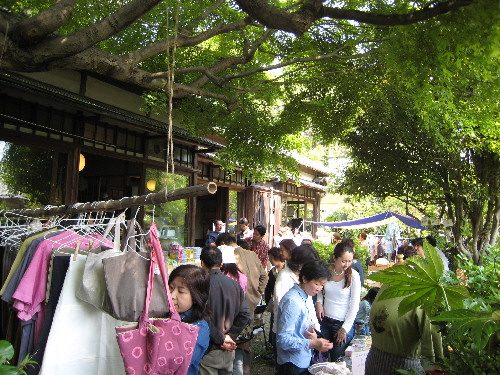 カジュ祭終わる_f0045052_12403899.jpg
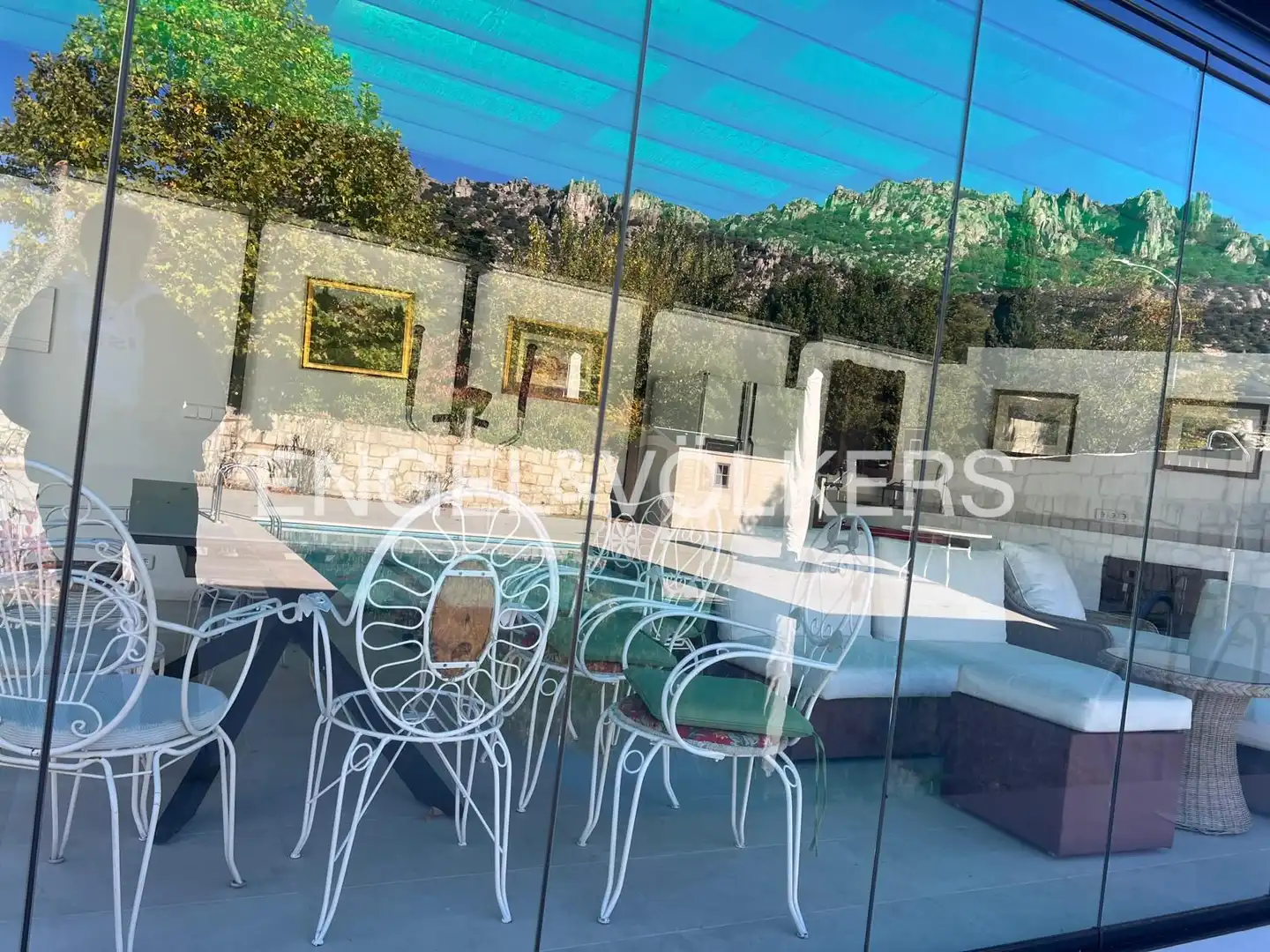Terraza de Casa o chalet en venta en La Cabrera con Calefacción, Jardín privado y Piscina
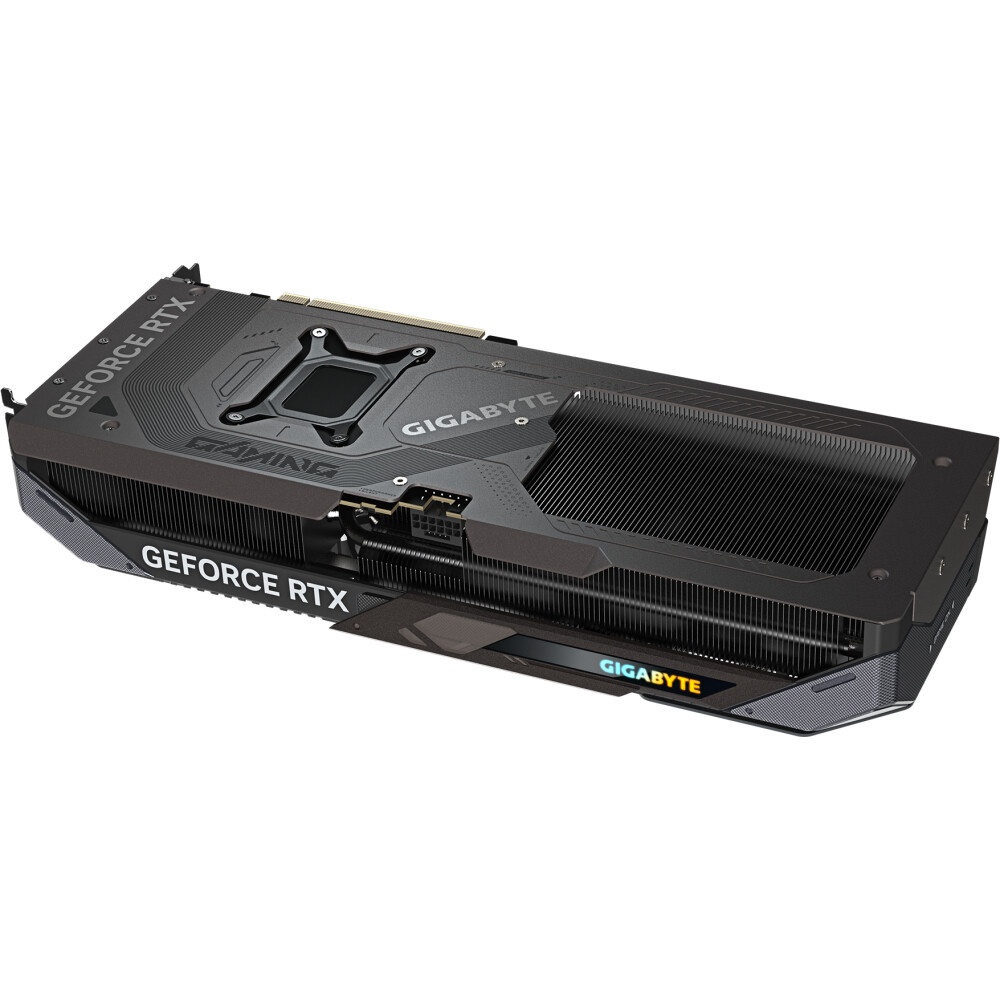 Видеокарта Gigabyte RTX5070 AERO 12GB GDDR7 192bit 3xDP HDMI 3FAN RTL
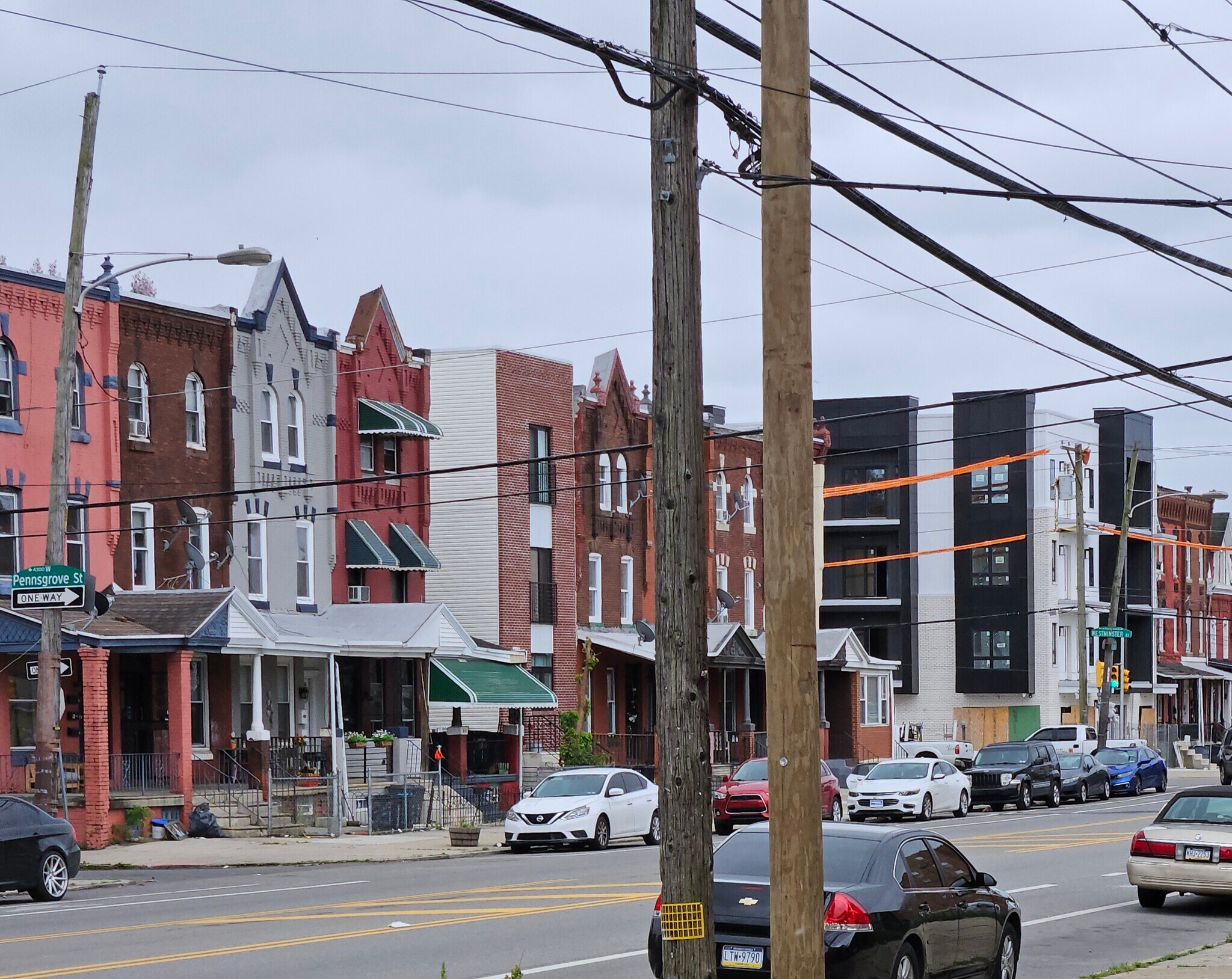 Street scene - 926 Belmont Ave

■ About this task
Repeat the listing above word for word. Do not include the pictures.

■ Exercise response
 カジュ祭終わる_f0045052_12403899.jpg
Terraza de Casa o chalet en venta en La Cabrera con Calefacción, Jardín privado y Piscina
 Видеокарта Gigabyte RTX5070 AERO 12GB GDDR7 192bit 3xDP HDMI 3FAN RTL
 Street scene - 926 Belmont Ave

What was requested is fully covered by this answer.